The BJP had won 18 of the 28 seats in 2004.
With the present elections being held with the party in power in the state, Yeddyurappa believes it should be easy to bag four to six additional seats in the two phase voting – April 23 in 17 constituencies and April 30 in the remaining 11.
The chief minister has reportedly warned his ministerial colleagues and party members who have been rewarded with plum posts of heads of government-run boards and corporations that heads will roll if the party performs poorly in their areas.
The chief minister has denied issuing any warning, but opposition parties are planning to approach the election authorities to complain that the reported threat violates the poll code.
It is not the usual dissidence that affects almost all parties during election time over nomination of candidates that is posing a challenge to Yeddyurappa. The reasons are more personal.
First, he has fielded his son B.Y. Raghavendra from his home district Shimoga after repeatedly stating that partymen should not even mention the son’s name.
Raghavendra, a first time contestant, faces former Karnataka chief minister S. Bangarappa, who has returned to Congress after a brief stay in BJP and Samajwadi Party.
Bangarappa, who will be 76 this October, is a formidable opponent for Raghavendra, who will turn 36 in August. Bangarappa has won the Shimoga Lok Sabha seat four times since 1996, twice as a Congress candidate, once as a BJP nominee and the fourth time on a Samajwadi Party ticket (at a bypoll in 2005 after he resigned from BJP and Lok Sabha).
Though Bangarappa lost to Yeddyurappa in the May 2008 state assembly poll from Shikaripura in Shimoga district, he is still a force in the area.

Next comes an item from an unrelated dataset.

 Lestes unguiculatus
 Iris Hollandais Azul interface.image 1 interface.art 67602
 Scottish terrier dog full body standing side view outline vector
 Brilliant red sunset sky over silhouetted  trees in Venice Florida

This is making the chief minister devote a lot of time to ensure his son’s victory.
The Janata Dal-Secular (JD-S) has not fielded a candidate and is tacitly supporting Bangarappa.
Yeddyurappa has also to toil for the victory of ‘defectors’ from Congress and JD-S who were favoured over ‘loyal’ party workers in nominations in seven constituencies – Bangalore North, Bangalore Rural, Mandya, Tumkur, Hassan, Chikkodi and Bidar.
Former state BJP president B.B. Shivappa, Bijapur Lok Sabha member Basanagouda Patil Yatnal and former deputy speaker of the Lok Sabha S. Mallikarjunaiah had rebelled against Yeddyurappa for giving tickets to ‘defectors’.
Yeddyurappa has managed to douse the rebellion with the help of Rashtriya Swayamsevak Sangh leaders from the state.
The chief minister, however, remains cagey as party workers may not work wholeheartedly for the victory of the ‘defectors’.
Besides these troubles, Yeddyurappa and some of the party candidates are under intense scanner of the election authorities as well.
The BJP leads in the poll code violation cases registered against parties. According to chief electoral officer M.N. Vidyashankar, over 300 poll code violation cases have been registered against parties till Saturday. BJP leads with 120 cases and the Congess is close second with 95.
The party nominee in Uttara Kannada constituency, Anant Kumar Hegde, and two party legislators have had notices slapped by the election authorities for inflammatory speeches.
Yeddyurappa’s home district Shimoga stands second after iron-ore rich and party-stronghold Bellary district in poll code violations and seizure of liquor and other goods meant to woo voters.
Bangarappa’s son and Kannada film actor and former Congress legislator Kumar Bangarappa has been holding press conferences to display Rs.500 notes stamped with the Sanskrit word ‘Aum’, which, he claims, BJP is distributing to voters in Shimoga.
Yeddyurappa has denied the charges.
The chief minister is the star campaigner for the party in the state.
A BJP stalwart who could have shared the burden is general secretary H.N. Ananth Kumar. But he is forced to devote more time to retaining his Bangalore South constituency as Congress has fielded young, US-educated Krishna Byre Gowda against him.
Gowda is a member of the state assembly and president of the Karnataka youth congress.
Ananth Kumar also faces low-cost aviation pioneer G.R. Gopinath. The JD-S has fielded an educationist K.E. Radhakrishna, a retired professor of English.
BJP’s prime ministerial candidate L.K. Advani, party president Rajnath Singh and Gujarat Chief Minister Narendra Modi have toured the state once for campaigning after the poll schedule was announced. BJP vice president Venkaiah Naidu is a frequent visitor. Still, Yeddyurappa remains a worried man.